DualNeRF: Text-Driven 3D Scene Editing via Dual-Field Representation
Yuxuan Xiong, Yue Shi, Yishun Dou, Bingbing Ni
TL;DR
DualNeRF tackles the challenges of blurry backgrounds and local optima in text-driven 3D scene editing by introducing a dual-field representation (static $f_S$ and dynamic $f_D$) that preserves original scene features while enabling edits. It integrates a simulated annealing strategy into the iterative dataset update pipeline and employs a CLIP-based consistency indicator to filter edits, improving reliability and background fidelity. Empirical results show DualNeRF achieving comparable CLIP-based alignment to IN2N, better background restoration (higher SSIM), and stronger resistance to local optima, across multiple scenes and prompts. The approach advances 3D scene editing by combining robust guidance, global search capability, and quality-aware data updates, with practical potential for more reliable and user-friendly 3D content creation.
Abstract
Recently, denoising diffusion models have achieved promising results in 2D image generation and editing. Instruct-NeRF2NeRF (IN2N) introduces the success of diffusion into 3D scene editing through an "Iterative dataset update" (IDU) strategy.
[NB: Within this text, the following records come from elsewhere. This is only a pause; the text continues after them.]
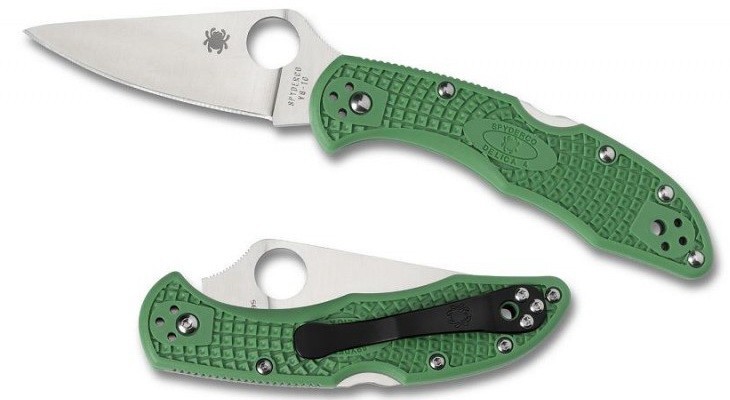 Складной нож Spyderco Delica Flat Ground Green C11FPGR Складной нож Spyderco Delica Flat Ground Green C11FPGR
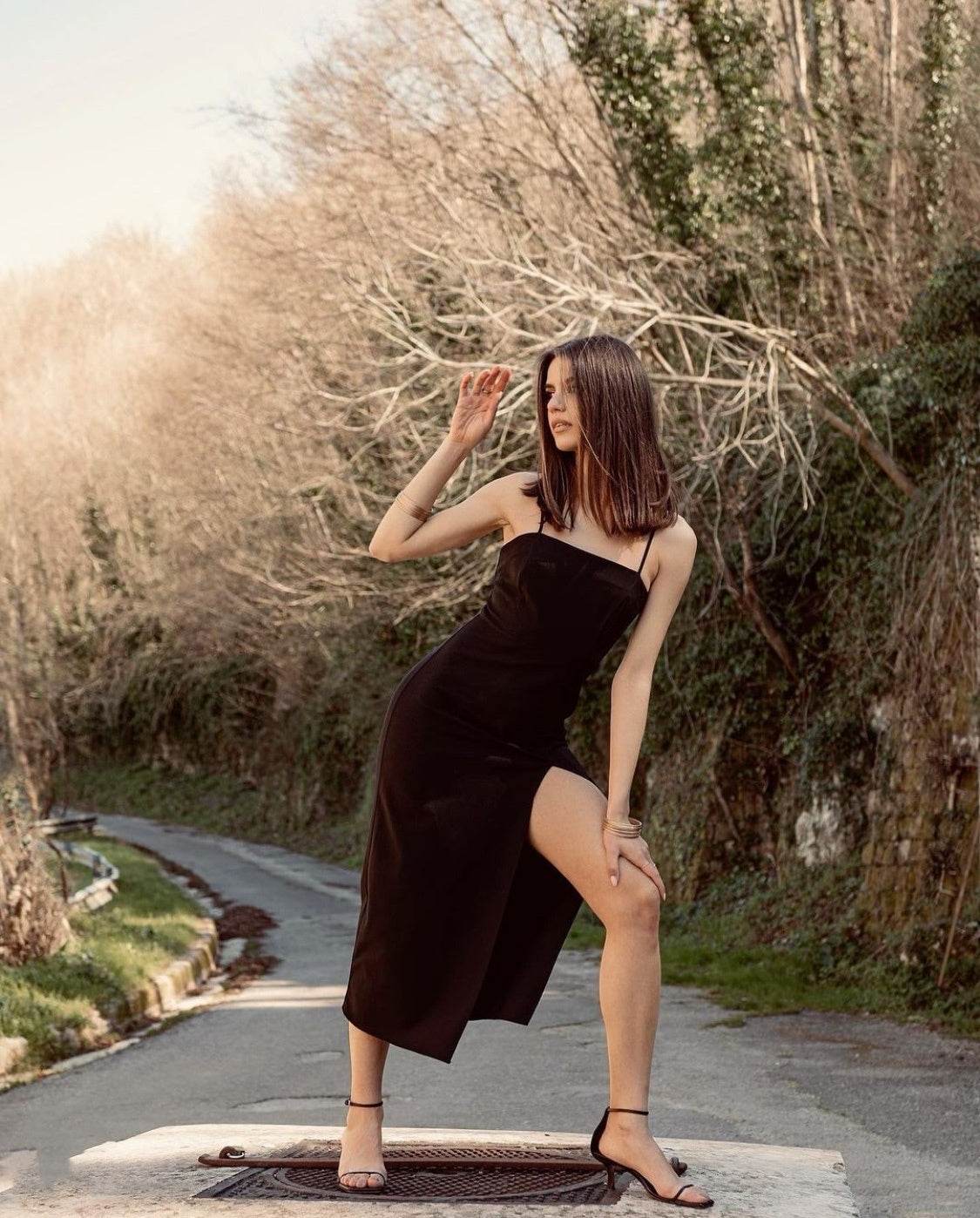 Slim Fit Black Slip Dress Midi - Mubimart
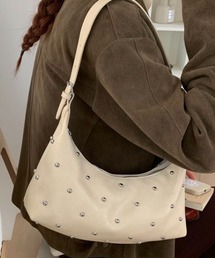 【秋冬新作】4色展開スタッズデザイン2WAYワンショルダーハーフムーンバッグ
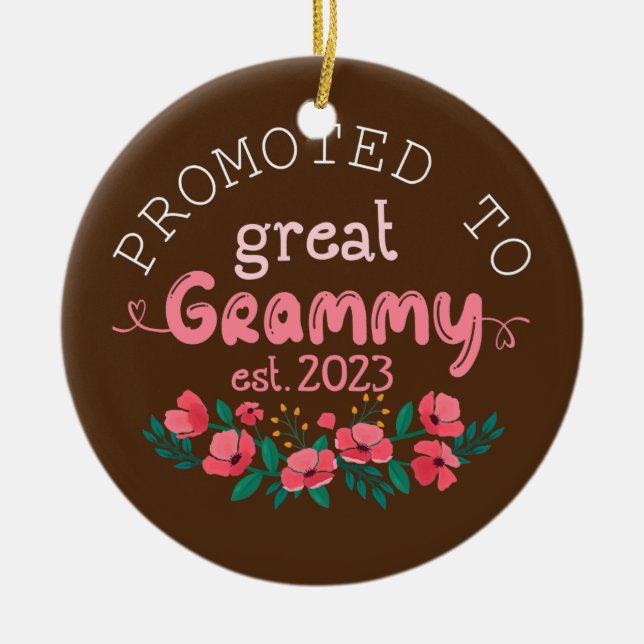 Adorno De Cerámica Promocionado a la gran abuela de regalos de Grammy (Frente)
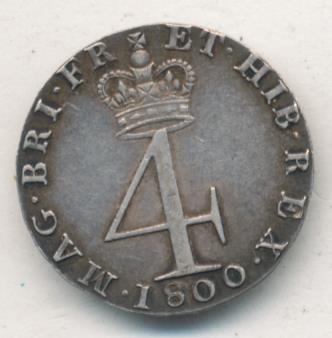 Великобритания 4 пенса, 1800 (4 пенса. Великобритания, Георг III. 1800)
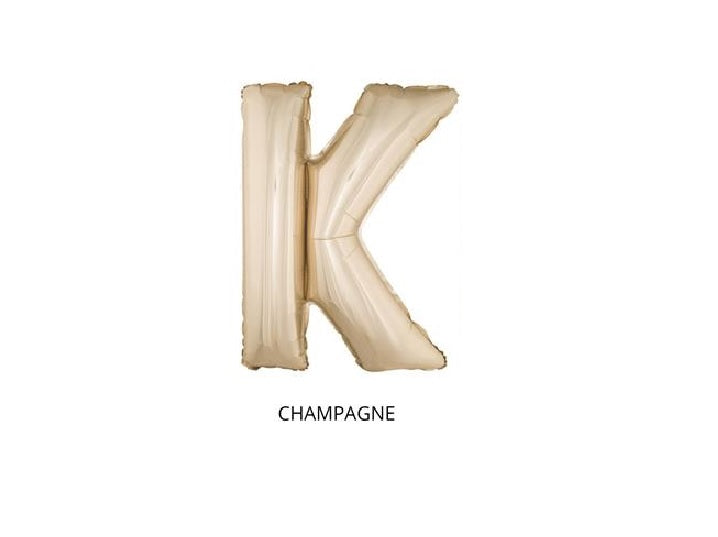 ballon lettre k en aluminium 1m champagne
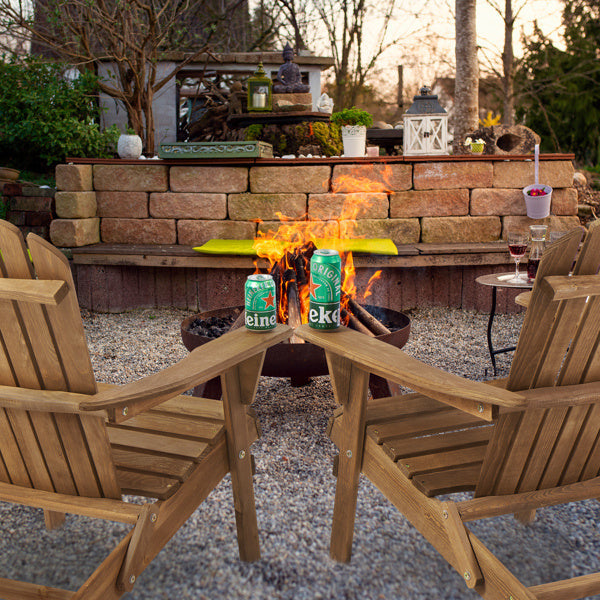 Wooden Folding Adirondack Chair Set – 2 Pc Light Finish (LuneluX Home)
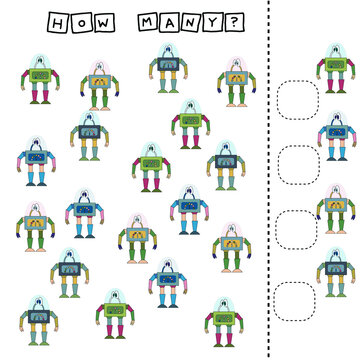 How many counting game with funny robots. Preschool worksheet, kids activity sheet, printable worksheet
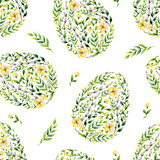 Fototapeta Sypialnia - Watercolor yellow seamles flower and herbs Easter egg pattern. May be used for Easter textile decoration print, invitation card, spring decor, wrapping paper and window decoration.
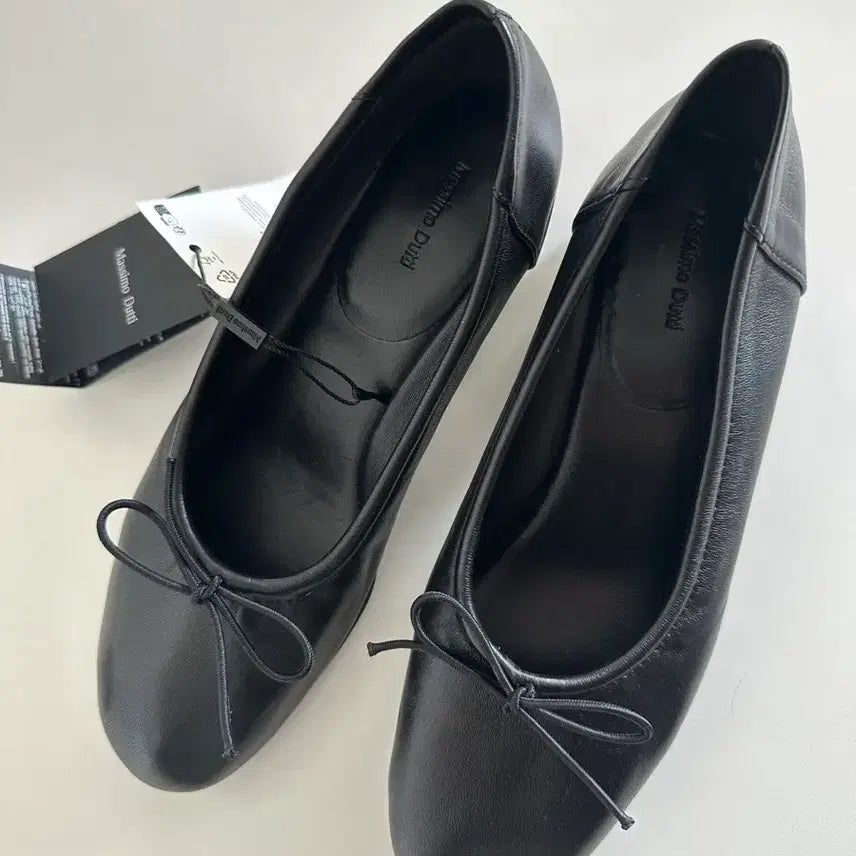 [BUNJANG] Massimo Dutti Black Leather Flat Shoes Size 240 (37) / 마시모뚜띠 검정 플랫슈즈 240(37)정사이즈 완전새제품 택제거X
Though achieving fascinating results, IN2N suffers from problems of blurry backgrounds and trapping in local optima. The first problem is caused by IN2N's lack of efficient guidance for background maintenance, while the second stems from the interaction between image editing and NeRF training during IDU. In this work, we introduce DualNeRF to deal with these problems. We propose a dual-field representation to preserve features of the original scene and utilize them as additional guidance to the model for background maintenance during IDU. Moreover, a simulated annealing strategy is embedded into IDU to endow our model with the power of addressing local optima issues. A CLIP-based consistency indicator is used to further improve the editing quality by filtering out low-quality edits. Extensive experiments demonstrate that our method outperforms previous methods both qualitatively and quantitatively.